Israel Channel 2 News correspondent Ohad Chemo is not an overtly religious man. But watching his reactions as he descended into the “Jerusalem Below” demonstrated once again that there is a special burden on the heart of every Jew for this divinely-appointed city.
Chemo was visiting the caverns and tunnels under Jerusalem on the occasion of Passover. While most visitors were congregating at the Western Wall (Kotel), touring David’s Citadel, or visiting the city’s numerous other attractions, Chemo was truly getting closer to Jerusalem’s unique history.
Few are acquainted with the historical wonders that lie beneath this city. Springs, tunnels, quarries and more that attest not only to its incredible historical record, but also to the biblical narrative. Chemo sought to bring all that to average Israelis, to fan that flame for Jerusalem that rests within every Jewish man, woman and child.
“Anyone who spends enough time in Jerusalem is sure to discover the Divine Presence (shechinah) – He who dwells in the heavenly (upper) Jerusalem,” Chemo opened the segment.
Joining Chemo was researcher Ron Peled, a noted authority on Jerusalem’s history. Peled explained that their first stop was a cavern that, according to legend, “has no end. After 1967, people entering this cave first tied a string at the entrance so as not to lose their way.”
The cavern is today known as Zedekiah’s Cave, or Solomon’s Quarries, a five-acre underground limestone quarry that runs the length of five city blocks under the Muslim Quarter of the Old City of Jerusalem. It was carved out over the course of thousands of years, and served as Jerusalem’s largest quarry for most of its history. It is widely believed this is the very same quarry referred to in I Kings 5:15, 17:
Solomon had seventy thousand carriers and eighty thousand stonecutters in the hills… At the king’s command they removed from the quarry large blocks of quality stone to provide a foundation of dressed stone for the temple.

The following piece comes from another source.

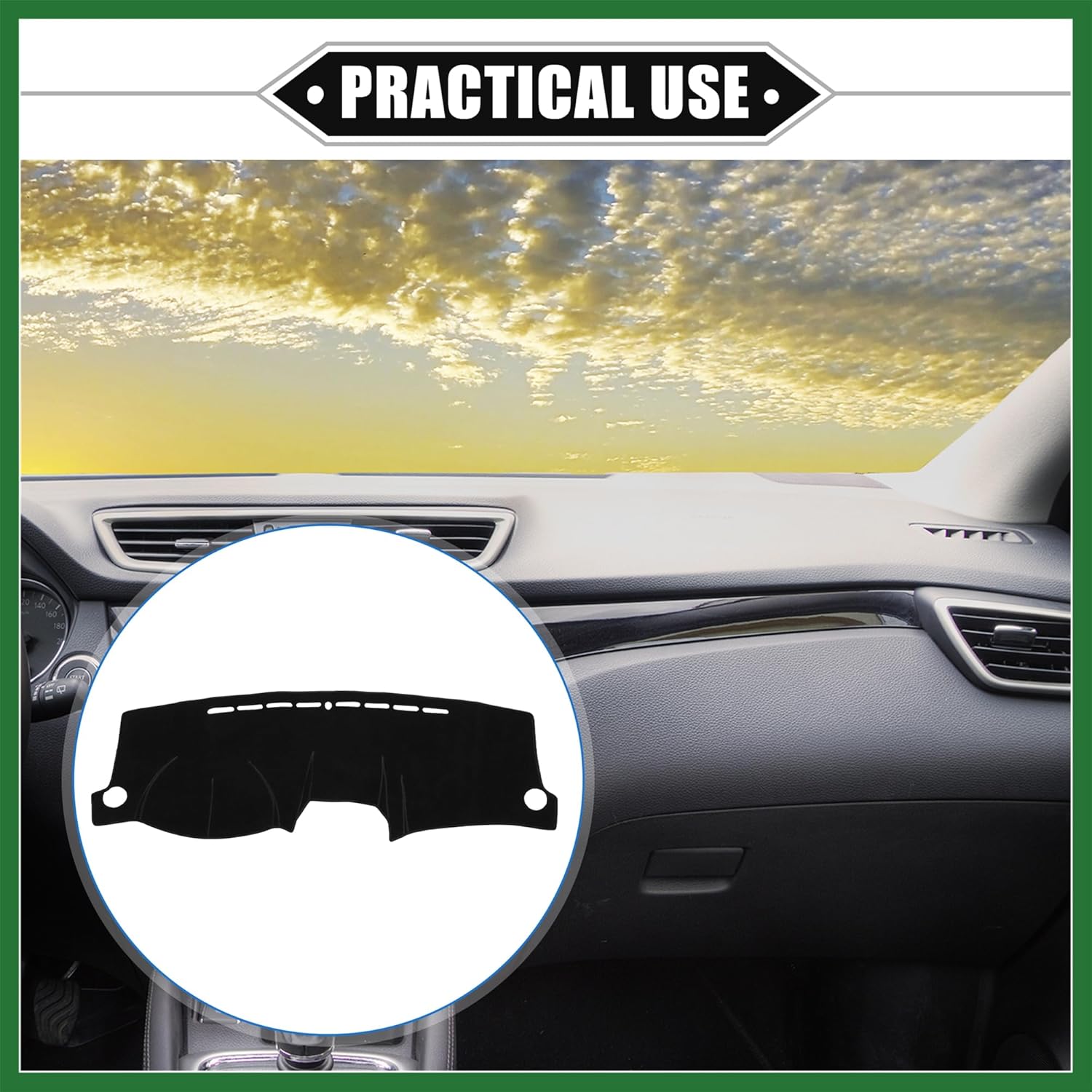 

Motoforti Car Dashboard Cover Mat Compatible for Kia Sportage 2005-2010, Protective Polyester Black Center Console Interior Trim Dash Board Mat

“One must remember that ancient Jerusalem was one of the largest and most famous cities in the world at the time,” explained Peled. “The stones to build it had to come from somewhere. This is the largest and closest quarry to Jerusalem. And being underground, it was always accessible, regardless of the season or weather conditions.”
Spirits of Jerusalem past
Chemo wondered if local residents, most of them Arabs, knew about what lies under them. Abu al-Abed, a local elder, said he was indeed familiar with the “entire city beneath us,” but was more concerned with what lurks there than with the stones. Many of the residents of Jerusalem’s Old City believe the ghosts of the city’s former residents continue to haunt its subterranean layers. “When the spirits come out, they don’t bother anyone, unless you bother them,” assured al-Abed. “Beneath us there is an entire city and civilization of spirits.”
Returning underground to the Western Wall Tunnel and the Hasmonean Canal below, Chemo didn’t find any ghosts, but did recall feeling an undeniable connection to his past as an Israeli and a Jew.
Chemo’s final stop took him to Christ Church near the Jaffa Gate. The entrance to an ancient underground canal there was certainly less “modern,” requiring advanced repelling equipment and great care. But what Chemo found was worth the effort. “It’s like a time tunnel,” he told viewers. “I have to say, from a personal perspective, it is very moving to be here. A canal that was dug 2,000 years ago by Herod to bring water from the area of Bethlehem to the Temple Mount. This place feels frozen in time.”